Литмир - Электронная Библиотека
A
A

Волга дышала холодом. Ее литая серо-зеленая гладь казалась неподвижной. Кое-где лишь темнели длинные полосы ряби. Странная горечь и какая-то спокойная, веселая сквозь слезы безнадежность теснили грудь Марины. Она смотрела на равнодушную реку, которая, казалось, явилась из другого мира. Она ужасалась тому, каких пределов, оказывается, суждено ей было достигнуть, и думала, что, может быть, и жизнь ее вот так же изменчива, как воды этой могучей реки.

Вечером взошли на суда и поплыли в Астрахань.

2

Окольничий и воевода астраханский Иван Хворостинин встретил Заруцкого с честью. Были оба знакомы еще по Тушинскому стану.
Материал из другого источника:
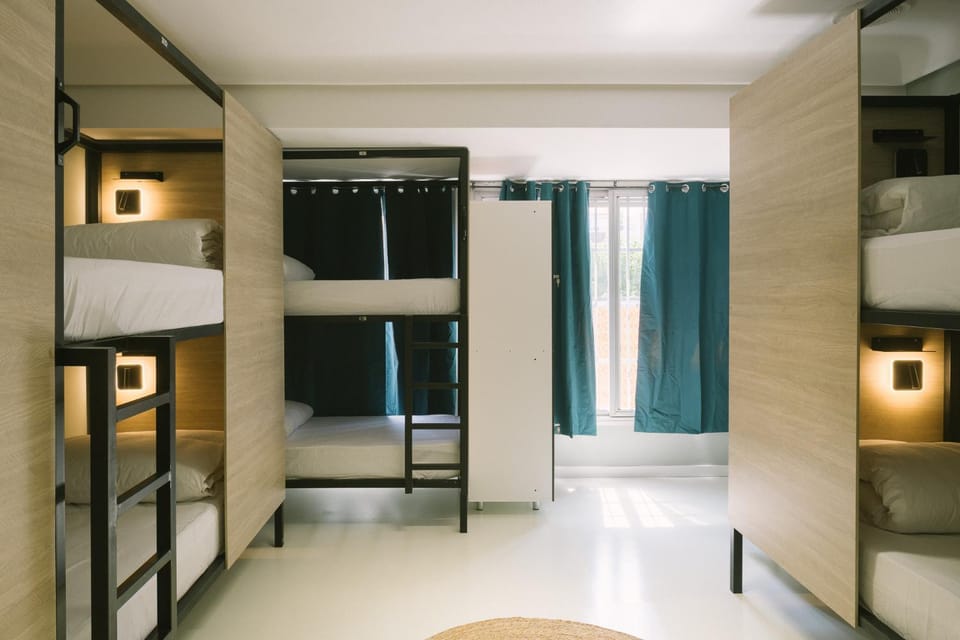 Photo of the whole room, Bedroom, bunk bed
Сидел вскоре после прибытия Иван Мартынович вечером у воеводы в кремле, в горнице, пил кизылбашское вино, слушал. Воевода же ходил в мягких домашних сапожках по горнице, заглядывал неведомо зачем в темные ночные оконца, тряс бородой:

— Батюшку вы, царя Димитрия Ивановича, не уберегли, а это худо. На Москве теперь посадили земского царя, Мишку Романова, и если этот усядется крепко, еще хуже будет.

— Ничего, — зло отвечал Заруцкий. — Покуда казацкий дух жив, ему крепко не усесться…

— Москва богата и себя покажет, — твердил свое Хворостинин. — Это пока в безгосударственное-то время дело шло, так присылок от Москвы хлеба не было и свинцу, и пороху, и денег не хватало. Казаки, которые на месте сидели, нужду терпели, а на Тереке и вовсе оголодали, разуты, раздеты. А вот нынче, если московские бояре со своим-то государем добро да серебро слать казакам учнут, то к себе их и пристегнут. Вот тогда-то на казацкий-то дух тебе, Иван Мартынович, подивиться любо будет…

Заруцкий сжал кулаки, задышал часто, хрипло вымолвил:

— Ты чего, воевода, меня пугаешь? Если с самого начала хвост поджимать, так и браться нечего. Что все по краю ходим — знаю. Или кол или сокол. Коли подыматься, так быстро. А московские наряды мне известны. Когда еще соберутся! Я до тех пор Самару возьму и к Казани подойду. Погуляем. Может, и быть еще на Москве царем Ивану нашему Дмитриевичу, а нам при нем в силе.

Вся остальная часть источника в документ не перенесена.